A thought struck him. Taking her hand and staring up into her eyes, he said eagerly, “You could come with me. We could travel around together; you said you want to help people as I do. We could be a team.”
Closing her eyes as she tried to imagine what it would be like to travel the countryside with him, Laura absently ran the fingers of her free hand through his untidy hair. “I think that would be wonderful,” she said softly. “Thank you, Bren’. But we must finish school first, before we decide what it is we are going to be that will allow us to travel about and help people.”

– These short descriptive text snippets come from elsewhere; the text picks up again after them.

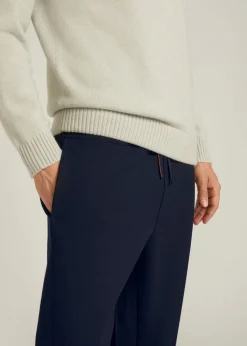 Sale Holburn Trouser Man Jersey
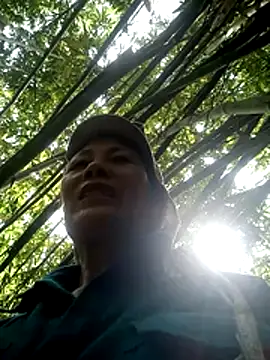 Snapshot of toyo_668 chatting on June 24, 7:29 am toyo 668 online show from June 24, 7:29 am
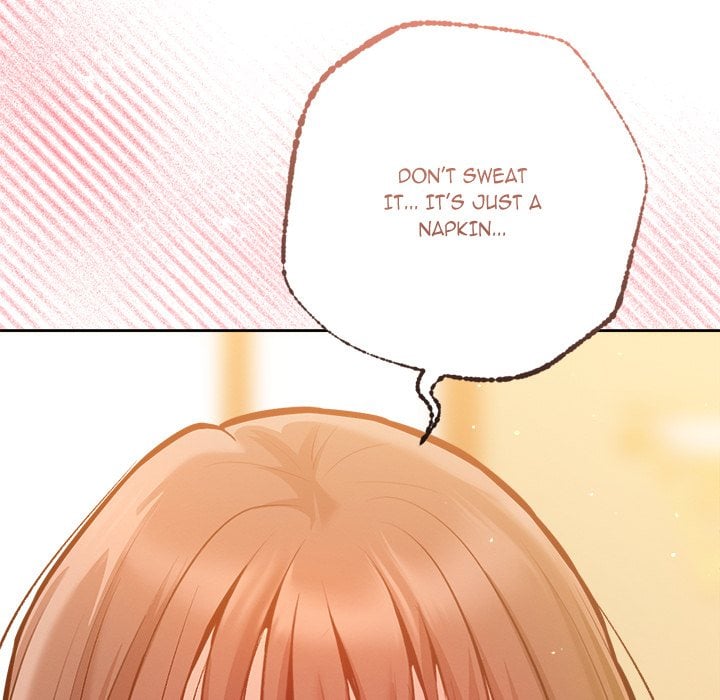 Never Just Friends chapter 6 page 35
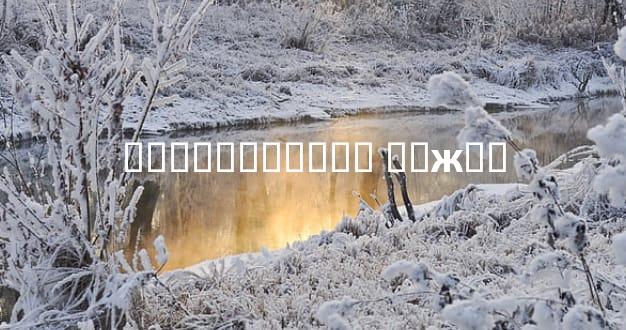 ����������� ��ж̾�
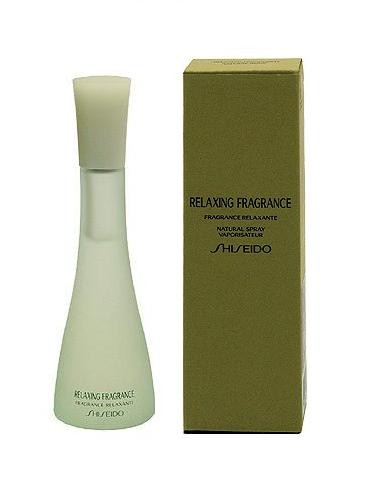 Изображение парфюма Shiseido Relaxing Fragrance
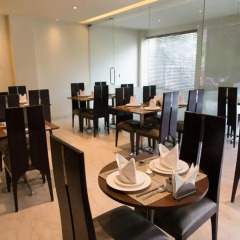 Отель FabHotel Cabana GK1 Индия, Нью-Дели - отзывы, цены и фото номеров - забронировать отель FabHotel Cabana GK1 онлайн питание фото 2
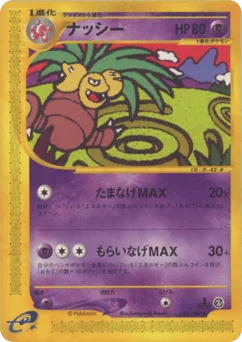 ナッシー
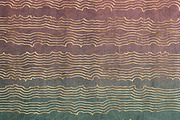 Tourmaline Sliced Gold & Watercolors, a Pattern Graphic by Blixa 6 Studios (Thumbnail 2 of 6)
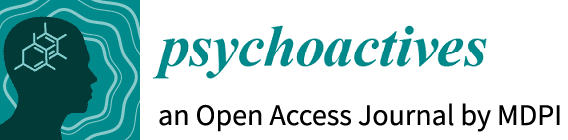 Psychoactives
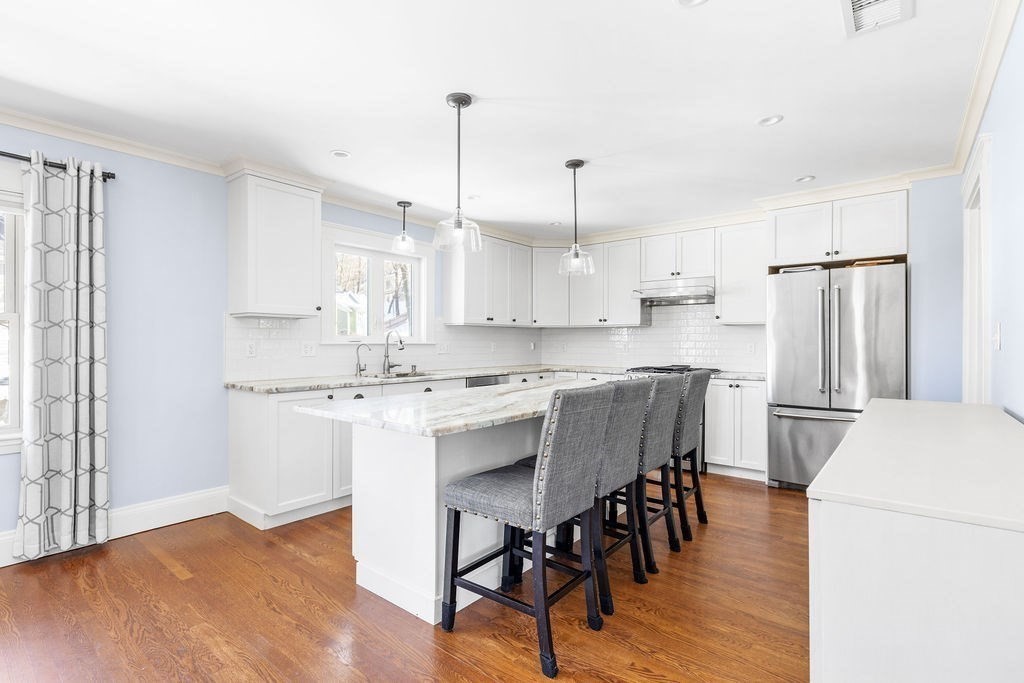 70 Clyde Street, Unit 2 Newton, MA 02460 - Photo 2 of 28
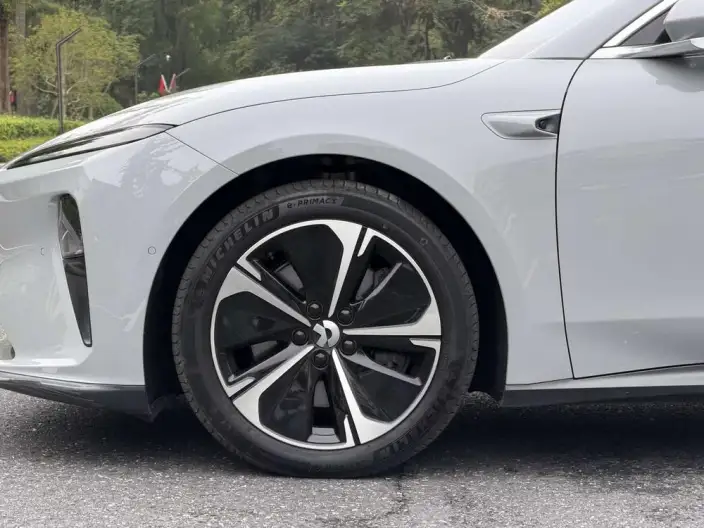 NIO ET5T 2024 Model 75kWh – фото 10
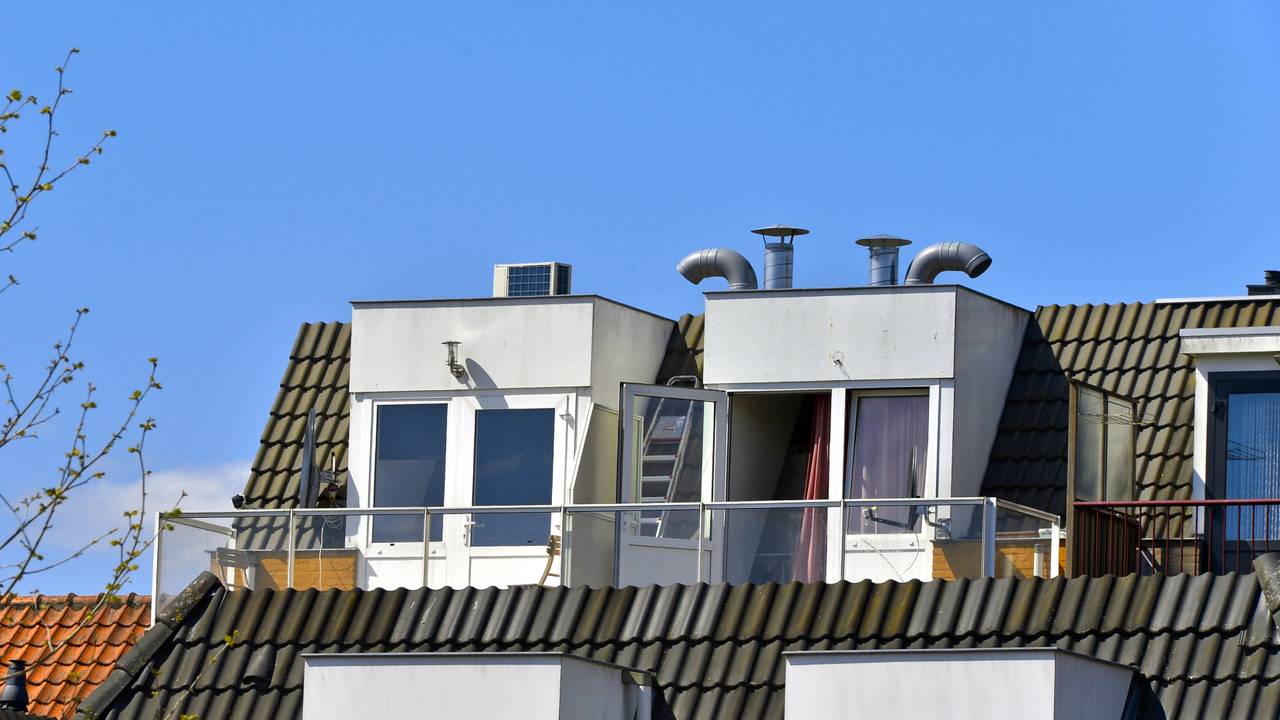 Foto: Rico Vogels/SQ Vision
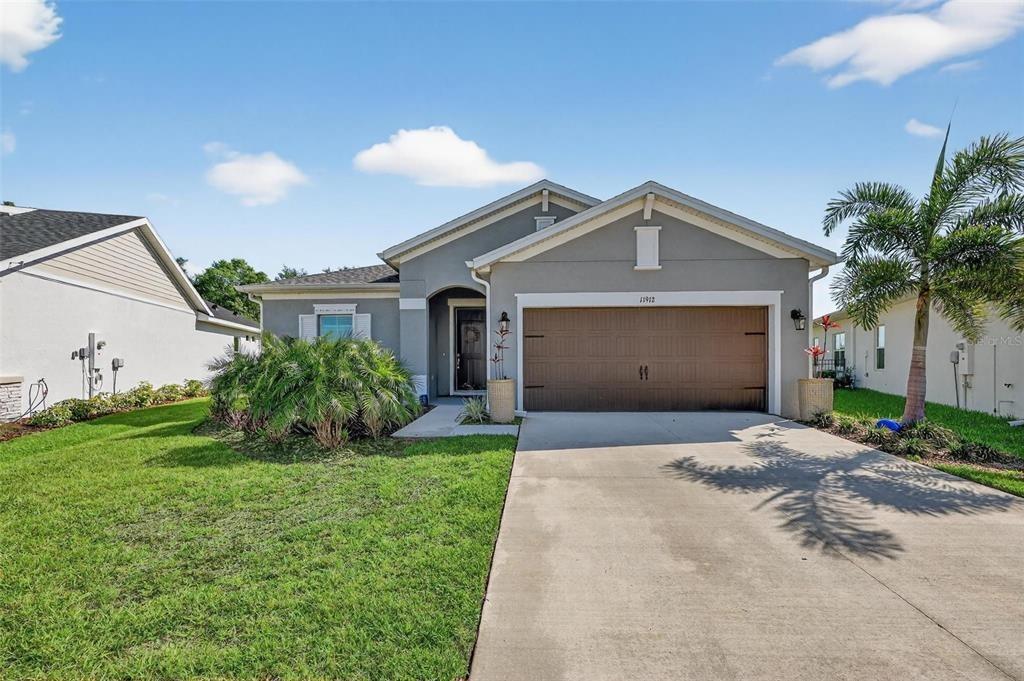 Richmond Trl, Parrish, FL 34219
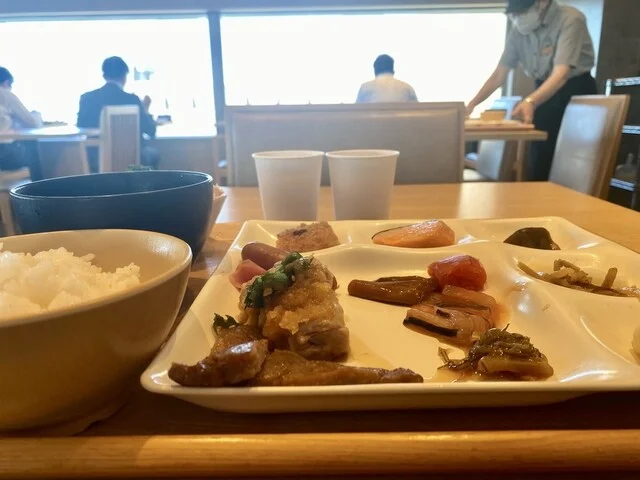 ホテルグローバルビュー釧路（【旧店名】ホテル パコ 釧路） - 釧路（ホテル）の写真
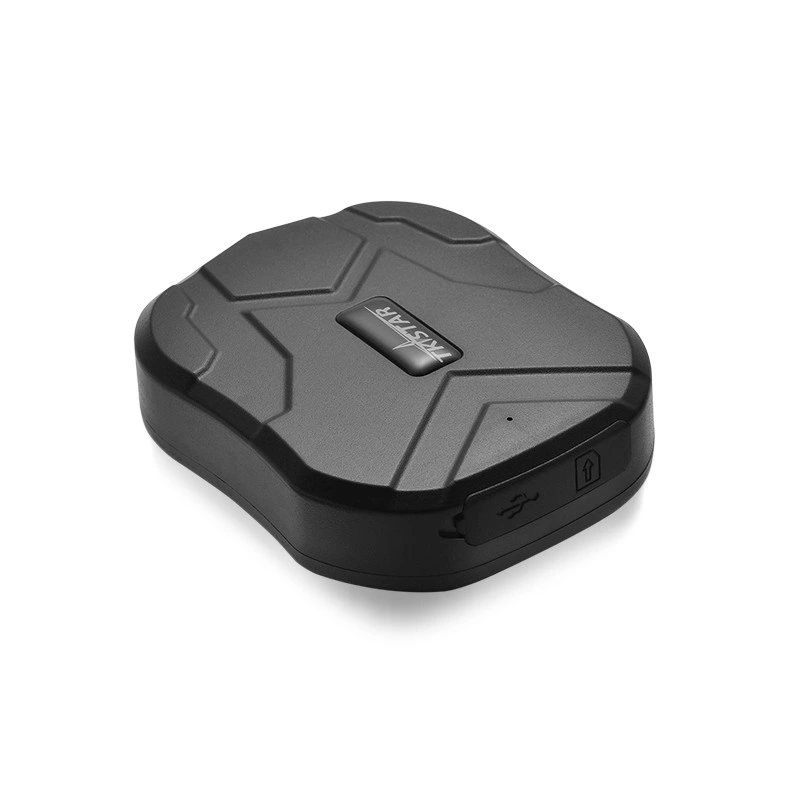 Voiture véhicule Tracker Dispositif de repérage GPS Localisateur GSM TK905 5000mAh Batterie de secours étanche de 90 jours magnet moniteur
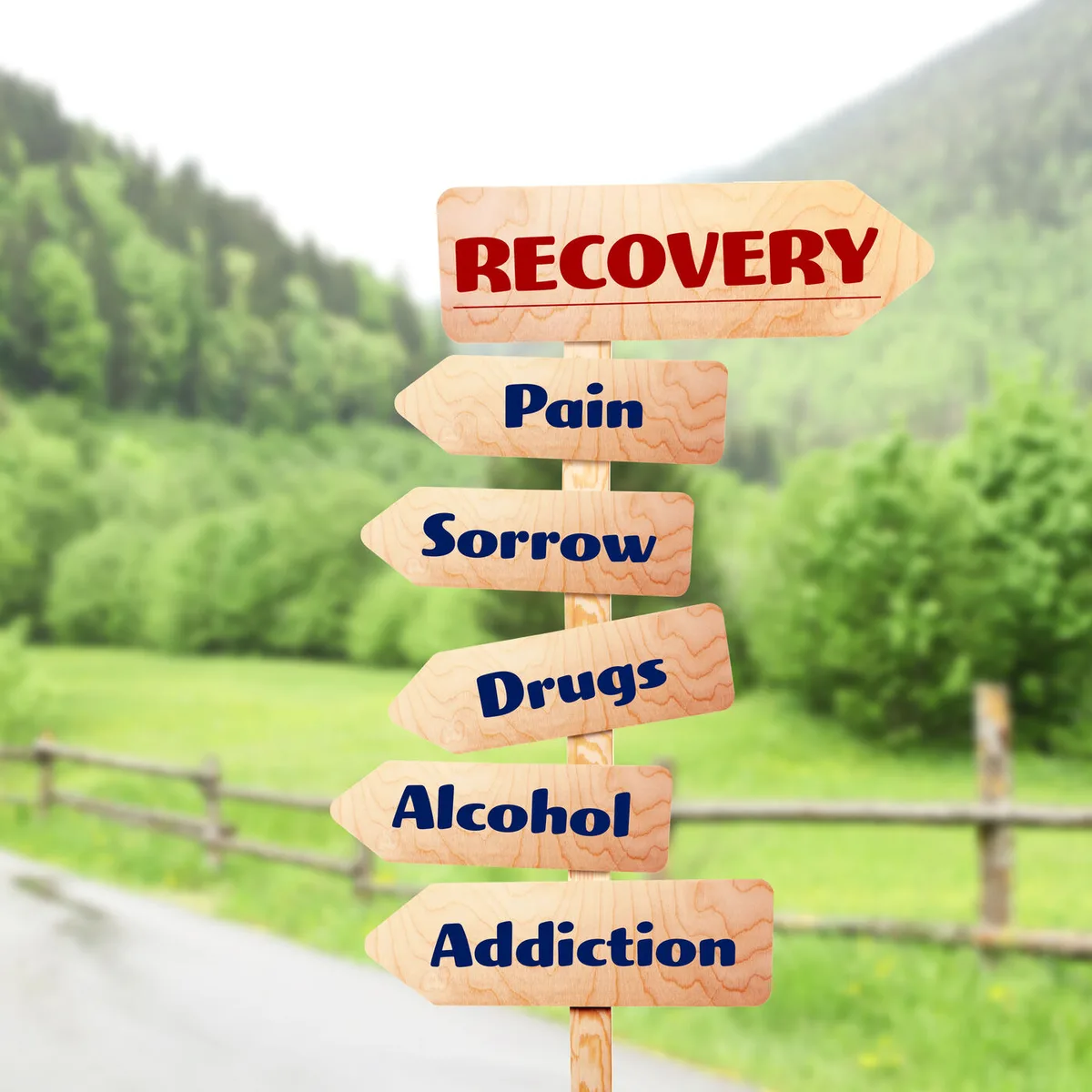 Going to Rehab-All Your Questions Answered Part 1
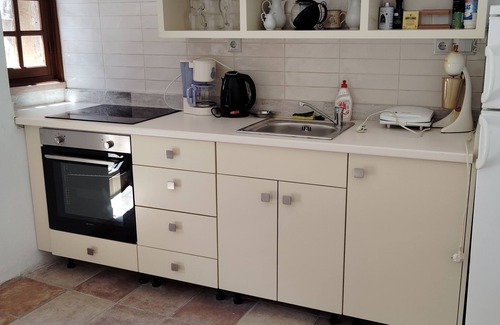 Monemvasia House | Goulas Traditional Guesthouse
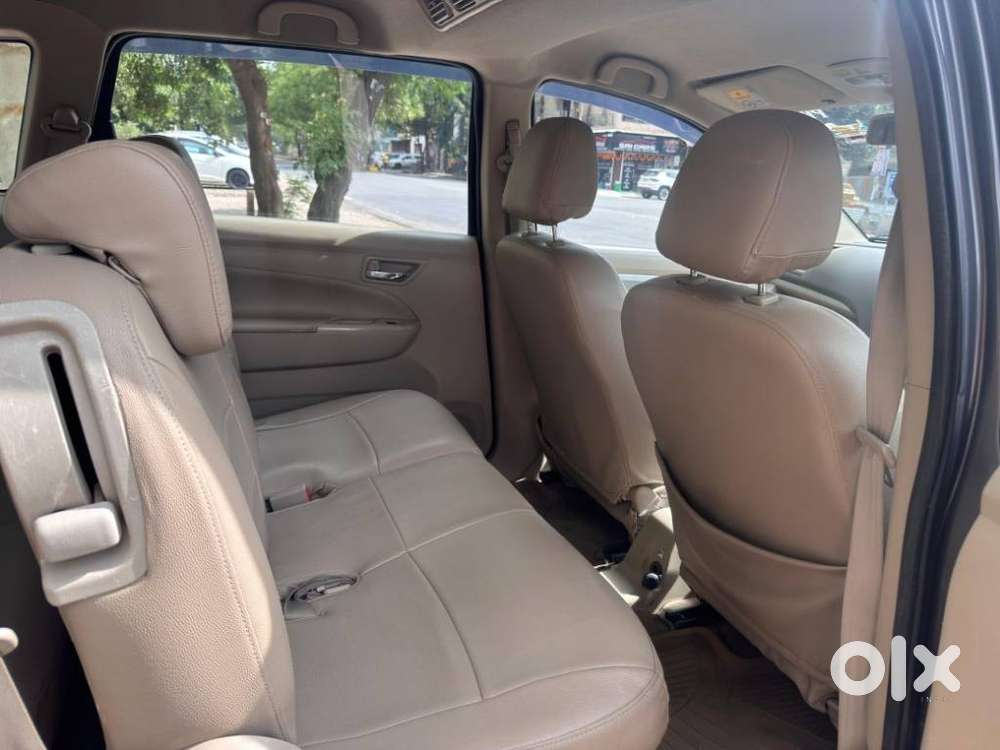 Maruti Suzuki Ertiga Vxi Cng, 2017, Cng & Hybrids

He stood up and stretched. “It will come to us when the time is right,” he said simply, matter-of-factly. “What say, in the meantime, we go down to the waterfront and look at the ships? While we’re there, we can get a beef pie and some sarsaparilla from the wagon café on the pier. I’ll leave a note for Ede so she knows not to make supper and won’t worry.”
“Let’s do that!” Laura said. “We can stop at my house on the way and tell Mummy where we are going.” With a smile she added, “Thank you for offering to take me along on your travels, Bren’.”